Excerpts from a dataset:
* * * * *
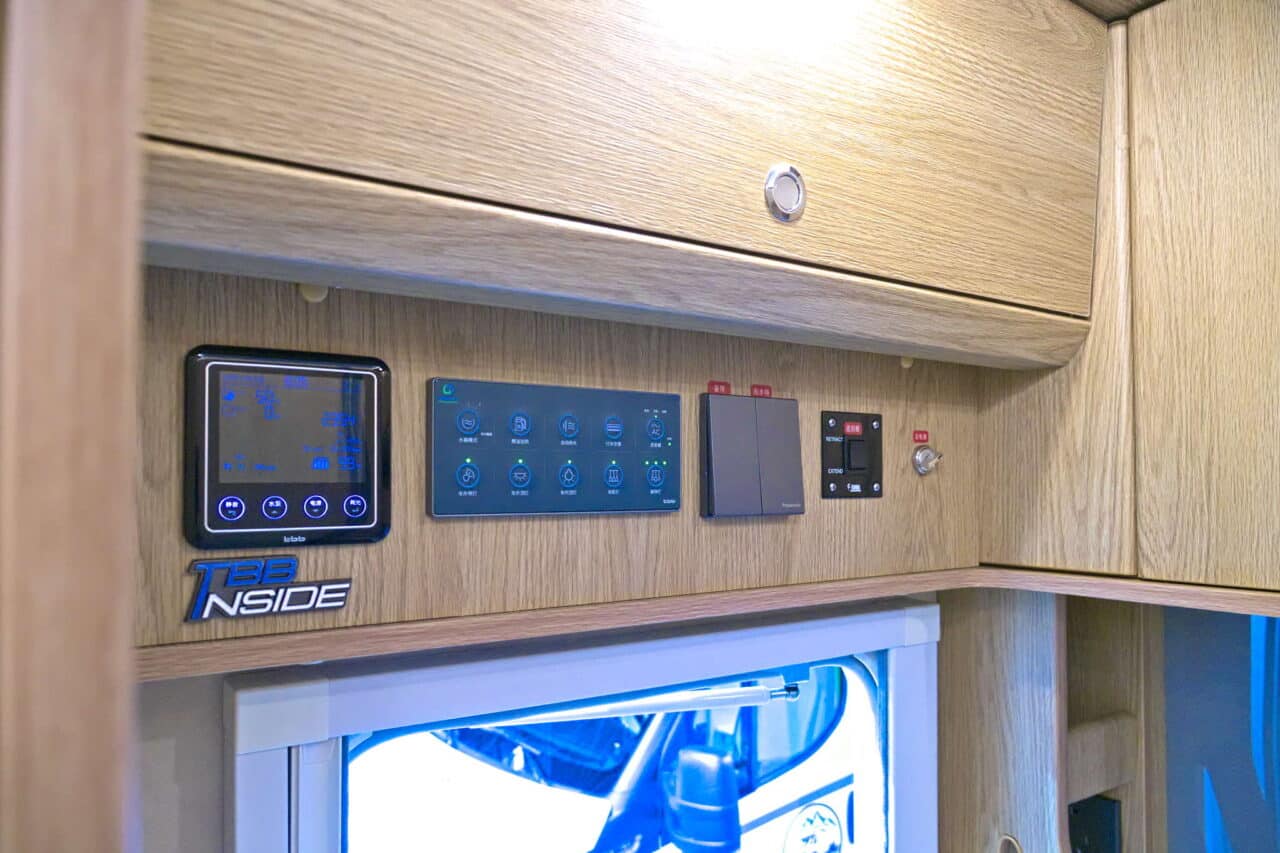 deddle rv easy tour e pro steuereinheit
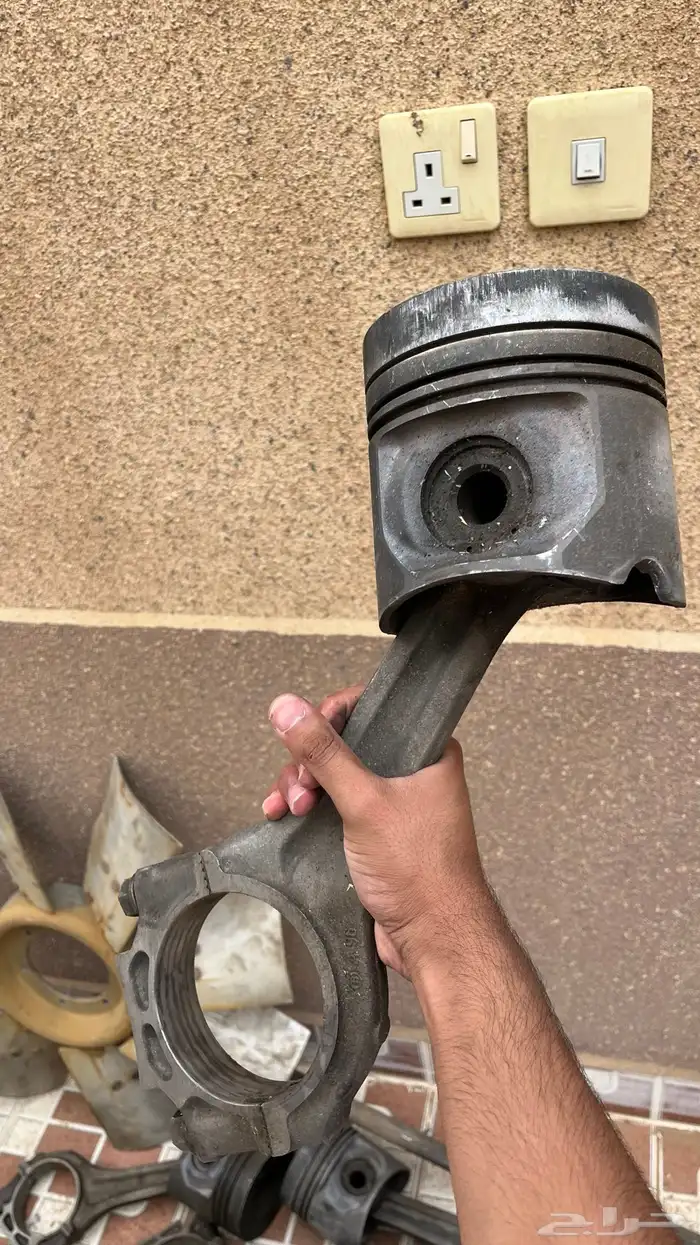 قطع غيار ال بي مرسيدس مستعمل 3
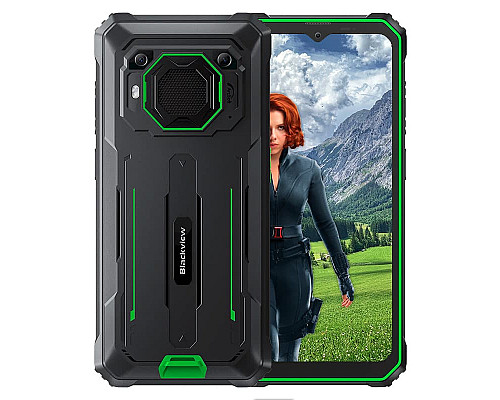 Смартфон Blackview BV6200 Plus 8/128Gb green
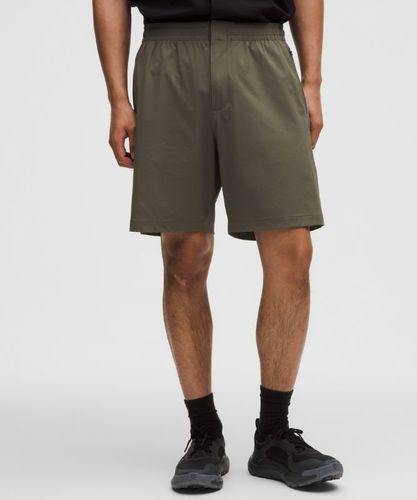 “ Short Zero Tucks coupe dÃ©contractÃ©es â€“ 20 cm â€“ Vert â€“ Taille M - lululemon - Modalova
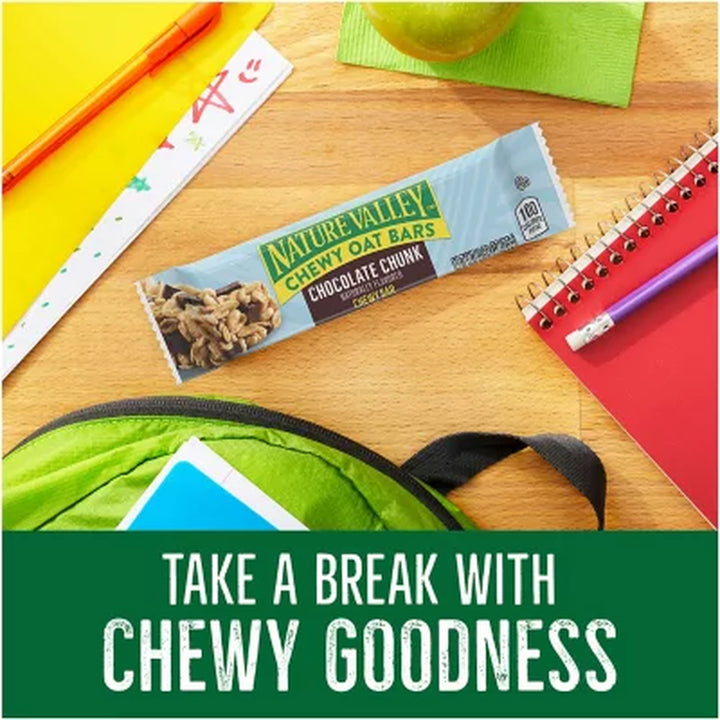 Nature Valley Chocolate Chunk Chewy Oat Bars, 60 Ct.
* * * * *
• [EXERCISE BRIEF]:
Write out the records above in full and exactly, with no pictures.

• [WRITTEN SOLUTION]:
 deddle rv easy tour e pro steuereinheit
 قطع غيار ال بي مرسيدس مستعمل 3
 Смартфон Blackview BV6200 Plus 8/128Gb green
 “ Short Zero Tucks coupe dÃ©contractÃ©es â€“ 20 cm â€“ Vert â€“ Taille M - lululemon - Modalova
 Nature Valley Chocolate Chunk Chewy Oat Bars, 60 Ct.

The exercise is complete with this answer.